DATA SEGMENT:

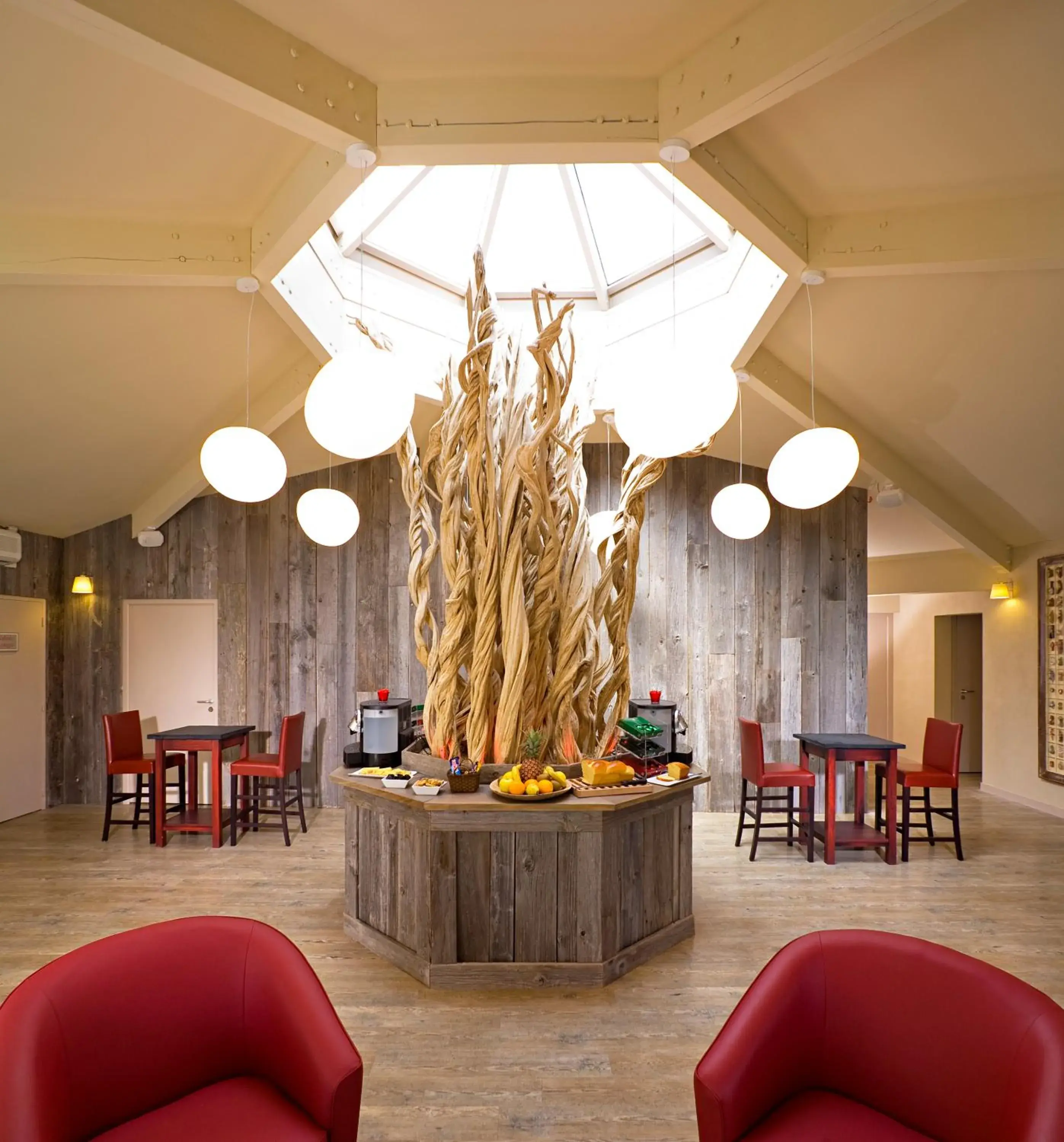 Restaurant/places to eat in ibis Styles Cholet Restaurant/places to eat in ibis Styles Cholet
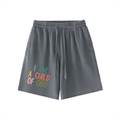 I AM A CHILD OF GOD Vintage Wash Cotton Shorts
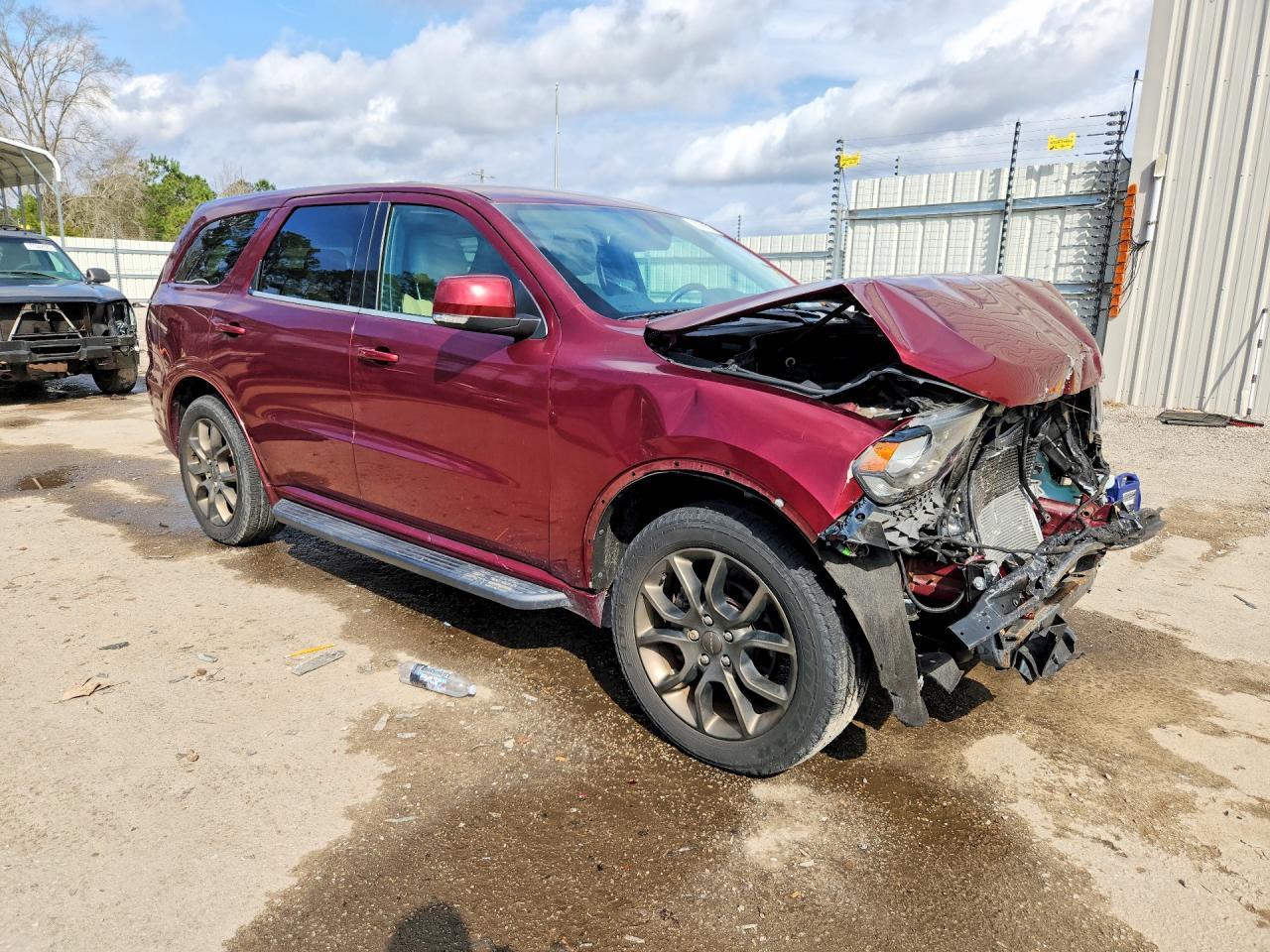 2016 Dodge Durango Limited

WORK INSTRUCTION:
Above is a listing with pictures. Write it out exactly without them.

ANSWER SECTION:
 Restaurant/places to eat in ibis Styles Cholet Restaurant/places to eat in ibis Styles Cholet
 I AM A CHILD OF GOD Vintage Wash Cotton Shorts
 2016 Dodge Durango Limited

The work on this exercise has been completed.